# Data Download from GDrive

In [None]:
# Step 1: Install pydrive

# !pip install pydrive

In [None]:
# url = 'https://drive.google.com/drive/u/1/folders/1SPuEOjOZIOm8mJkOqZKB7r0Bw1qgOMh5'

In [None]:
# # Step 2: Use gdown to download the folder
# import gdown


# # Convert the folder URL to a format that gdown can use
# folder_id = url.split('/')[-1]
# gdown.download_folder(f'https://drive.google.com/drive/folders/{folder_id}', quiet=False)

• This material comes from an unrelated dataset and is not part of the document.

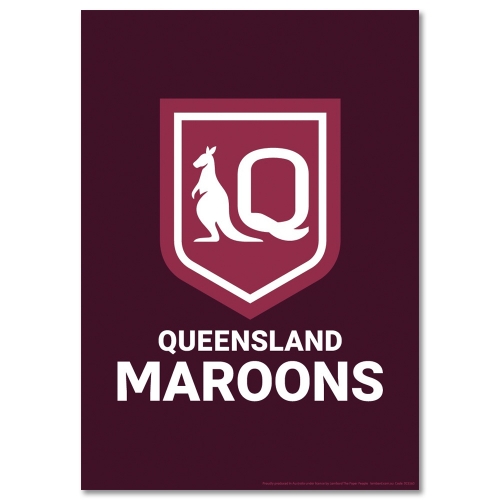 QLD Maroons Team Poster Ea
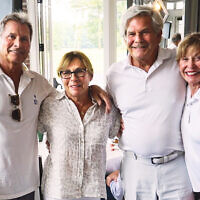 Robert and Lauren Kleeblatt and Mark and Jane Zucker (Photos courtesy Jewish Home Family)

# Harmonization Parameters Finder

In [None]:
import pandas as pd
import numpy as np
import matplotlib.pyplot as plt
import glob
from datetime import datetime

## Read Data

In [None]:
def read_sensor_data(csv_list):
    # csv_list = glob.glob('Lauren purpleair data\\*\\*.csv')

    csv_list
    sensor_dataframes = []

    for idx,csv_path in enumerate(csv_list):
            
        sensor_df = pd.read_csv(csv_path)
        
        if len(sensor_df.columns) < 4:
            sensor_df = pd.read_csv(csv_path,delimiter=';')
        sensor_dataframes.append(sensor_df)
    return sensor_dataframes

csv_list = glob.glob('Lauren purpleair data\\*\\*.csv')
sensor_dataframes = read_sensor_data(csv_list) #[:10]

## Clean Data

In [None]:
def create_units_dict(df):
    units_dict = {}
    for column in df.columns:
        units_dict[column] = df.loc[0, column]
    return units_dict

units_dict = create_units_dict(sensor_dataframes[0])

In [None]:
def clean_sensor_dataframes(sensor_dataframes):

    numeric_columns = ['pm2.5_atm_b', 'pm2.5_cf_1', 'pm2.5_cf_1_a', 'pm2.5_cf_1_b',	'pm10.0_atm', 'pm10.0_atm_a', 'pm10.0_atm_b', 'pm10.0_cf_1', 'pm10.0_cf_1_a', 'pm10.0_cf_1_b']
    
    
    cleaned_dataframes = []
    for idx,sensor_df in enumerate(sensor_dataframes):
        # remove header
        sensor_df = sensor_df.iloc[1:]
        # Sort by 'Timestamp'
        try:
            sensor_df = sensor_df.sort_values(by=['time_stamp']).reset_index()
        except:
            print(idx)
            display(sensor_df)
            break
        # Change 'Timestamp' to date format
        sensor_df['time_stamp'] = pd.to_datetime(sensor_df['time_stamp'])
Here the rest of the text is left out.